In practice, it is common to recruit more subjects than needed for each individual session since some subjects that have subscribed fail to show up in person. When a laboratory session is oversubscribed researchers would either offer a financial incentive for some volunteers to leave the study, or use a first-come first-served protocol asking the later arrivals to accept a participation fee and exit the experiment.Footnote 22

These usual strategies to handle oversubscription generate selection bias; they also differ from how field experimenters handle this challenge. In the field if a study is oversubscribed, a lottery is often carried out to determine who will receive a treatment.Footnote 23 If oversubscription is handled via a voluntary departure induced by a financial incentive, subjects could very well self-select into or out of a study. If first come first served and the late arrivals are students from a class that ended late, the characteristics of the stayers may no longer look like the exiters. Moreover, if the rates of oversubscription differ across the treatments (and sessions), it may no longer be the case that the unobserved characteristics of subjects are balanced across sessions (and treatments). A lottery would give all subjects in an oversubscribed session an equal chance of participating further and can solve this selection problem unless those who show up constitute a random sample.

4 Conclusion

This paper raises three issues that, to the best of our knowledge, have not been discussed in the experimental economics literature. First, what is the appropriate level of the type I and type II errors that a researcher should choose to provide evidence that best informs their intended audience? Second, how many subjects should be allocated to each treatment arm in a study? Third, how should researchers determine which subjects stay in the laboratory when a session is oversubscribed. We suggest that a simple lottery be carried out.

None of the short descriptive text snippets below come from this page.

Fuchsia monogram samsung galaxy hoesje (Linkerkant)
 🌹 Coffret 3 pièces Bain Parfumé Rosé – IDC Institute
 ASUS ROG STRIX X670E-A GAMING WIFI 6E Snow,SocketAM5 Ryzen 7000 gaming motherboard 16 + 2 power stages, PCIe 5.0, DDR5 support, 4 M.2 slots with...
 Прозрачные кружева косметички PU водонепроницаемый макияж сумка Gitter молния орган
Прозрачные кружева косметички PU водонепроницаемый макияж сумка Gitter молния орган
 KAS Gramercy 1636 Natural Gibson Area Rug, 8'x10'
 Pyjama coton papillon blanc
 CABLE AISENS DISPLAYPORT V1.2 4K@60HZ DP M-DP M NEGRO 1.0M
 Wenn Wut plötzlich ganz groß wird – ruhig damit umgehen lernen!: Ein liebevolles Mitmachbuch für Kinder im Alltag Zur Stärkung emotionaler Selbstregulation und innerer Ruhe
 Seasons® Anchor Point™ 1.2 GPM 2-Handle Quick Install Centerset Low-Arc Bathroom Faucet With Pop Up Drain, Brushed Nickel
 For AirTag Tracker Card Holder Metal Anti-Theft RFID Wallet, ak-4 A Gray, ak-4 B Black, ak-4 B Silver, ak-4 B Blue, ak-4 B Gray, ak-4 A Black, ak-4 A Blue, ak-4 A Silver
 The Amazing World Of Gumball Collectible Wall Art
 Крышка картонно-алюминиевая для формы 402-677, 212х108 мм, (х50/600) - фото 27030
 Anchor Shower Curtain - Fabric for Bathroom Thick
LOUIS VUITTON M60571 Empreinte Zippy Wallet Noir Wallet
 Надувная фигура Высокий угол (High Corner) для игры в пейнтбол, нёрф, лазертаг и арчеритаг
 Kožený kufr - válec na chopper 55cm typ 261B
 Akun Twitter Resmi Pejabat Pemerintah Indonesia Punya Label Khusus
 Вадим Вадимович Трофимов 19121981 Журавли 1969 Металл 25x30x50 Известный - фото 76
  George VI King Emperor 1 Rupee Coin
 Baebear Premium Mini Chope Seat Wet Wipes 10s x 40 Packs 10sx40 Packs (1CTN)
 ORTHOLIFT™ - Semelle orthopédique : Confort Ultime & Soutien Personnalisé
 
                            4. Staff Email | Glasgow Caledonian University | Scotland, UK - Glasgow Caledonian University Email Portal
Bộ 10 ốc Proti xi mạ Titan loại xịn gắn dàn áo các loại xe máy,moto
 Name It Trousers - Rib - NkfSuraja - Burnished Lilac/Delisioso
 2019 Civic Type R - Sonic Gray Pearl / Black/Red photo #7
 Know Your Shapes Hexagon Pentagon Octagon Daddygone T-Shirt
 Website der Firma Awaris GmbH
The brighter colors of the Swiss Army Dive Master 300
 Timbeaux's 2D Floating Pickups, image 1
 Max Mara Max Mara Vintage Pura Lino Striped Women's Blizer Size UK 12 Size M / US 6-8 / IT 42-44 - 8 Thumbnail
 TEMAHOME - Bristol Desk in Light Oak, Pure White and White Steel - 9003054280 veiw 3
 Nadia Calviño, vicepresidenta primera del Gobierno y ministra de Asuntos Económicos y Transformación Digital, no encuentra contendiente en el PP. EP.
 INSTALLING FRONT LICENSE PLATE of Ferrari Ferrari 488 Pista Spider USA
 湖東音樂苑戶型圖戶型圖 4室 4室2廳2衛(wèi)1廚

We further argue that there are indeed other benefits from formulating a pre-analysis plan to design the experiment and determine the minimum required sample size, how subjects should be allocated to the control and treatment sessions. We strongly suggest researchers consider utilizing economic theory to predict the relative cost across the treatment arms when trying to maximize statistical power. We illustrate these strategies and show with data from two laboratory experiments where subject behavior deviated sharply from theory that the use of even split designs as the default design often leads to less statistical power. Finally, we encourage experimenters to adopt new sampling schemes that assign subjects to sessions. These schemes would increase the likelihood that subject characteristics are balanced across the treatment and control arms.